[Supplied information Boundary: Start]
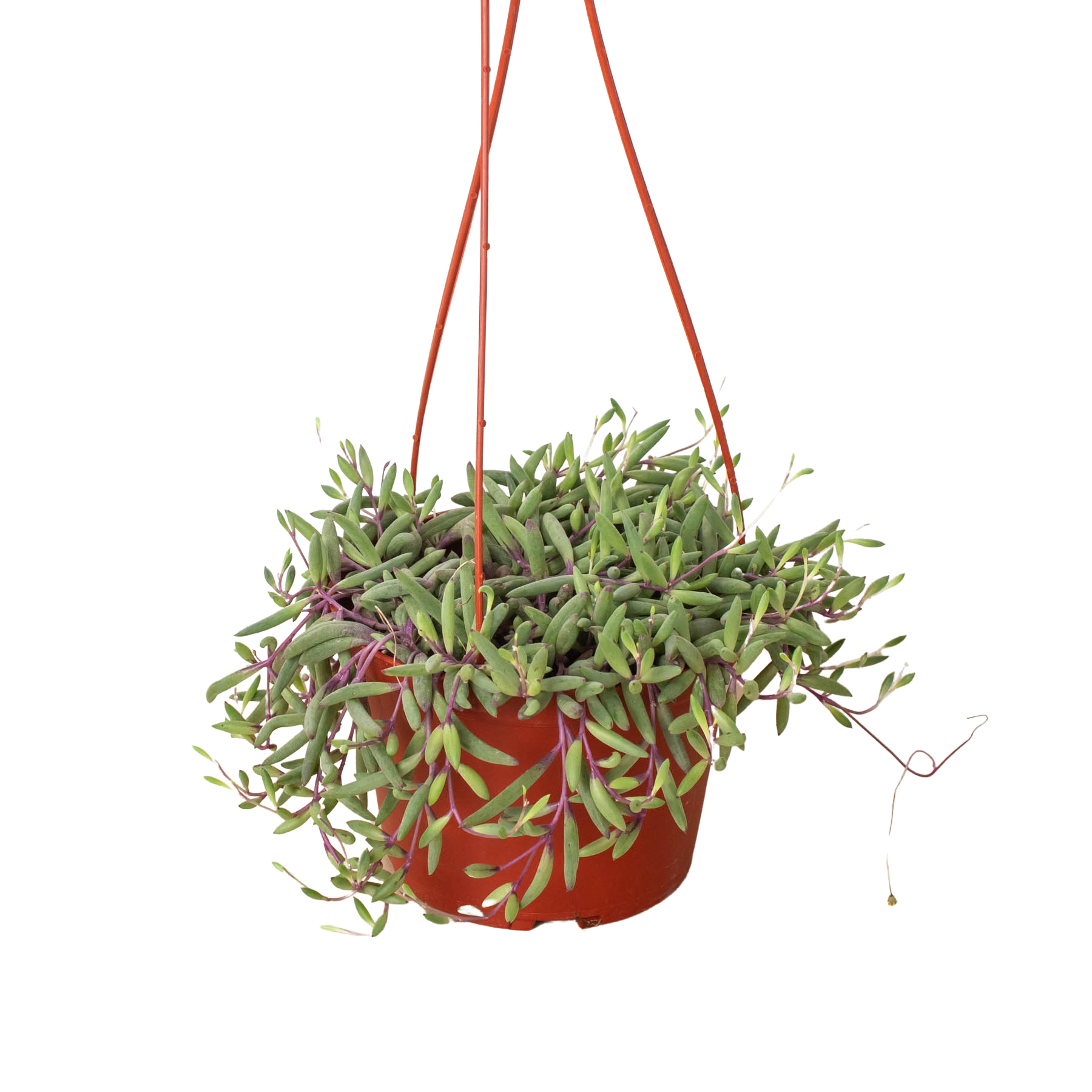 String of Rubies - 6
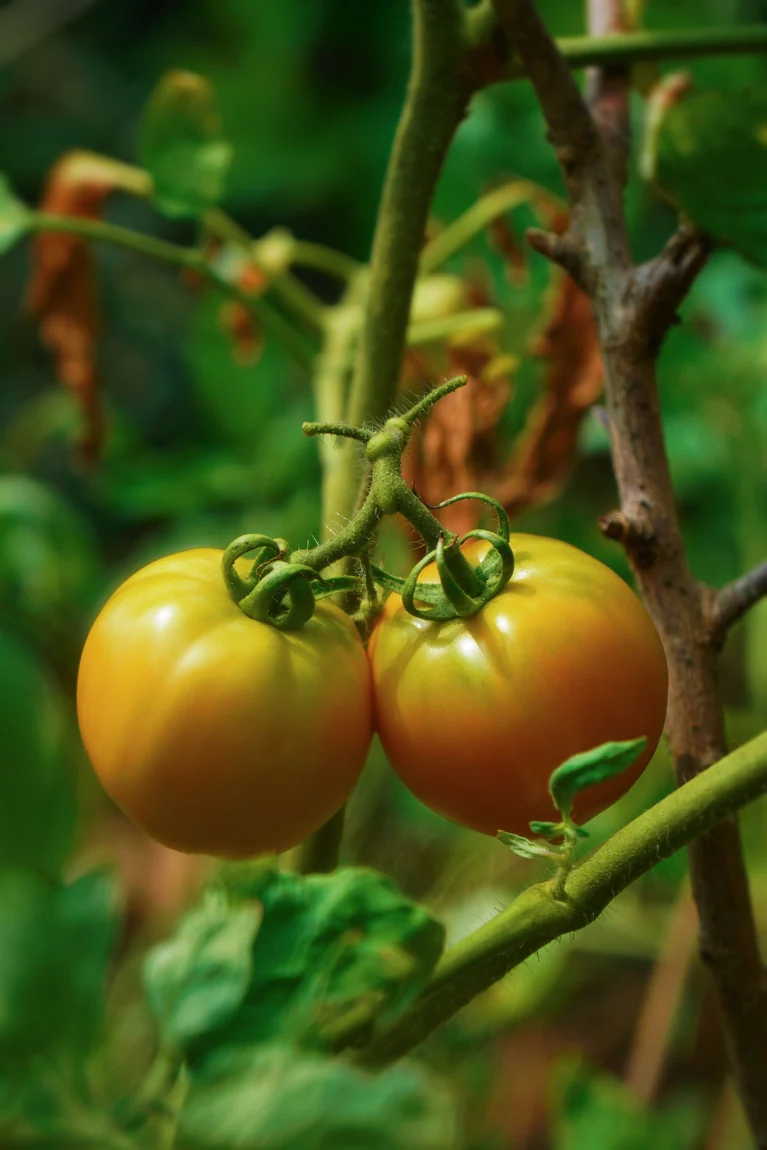 Golden Sunray Tomatoes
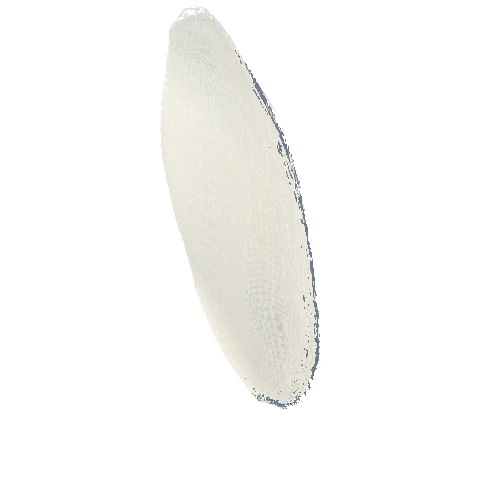 Swab_Pad_Round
[Supplied information Boundary: End]
_Instructions to follow_. Set down all of the material above exactly as written, leaving the pictures out.

_Response for this exercise_.
 String of Rubies - 6
 Golden Sunray Tomatoes
 Swab_Pad_Round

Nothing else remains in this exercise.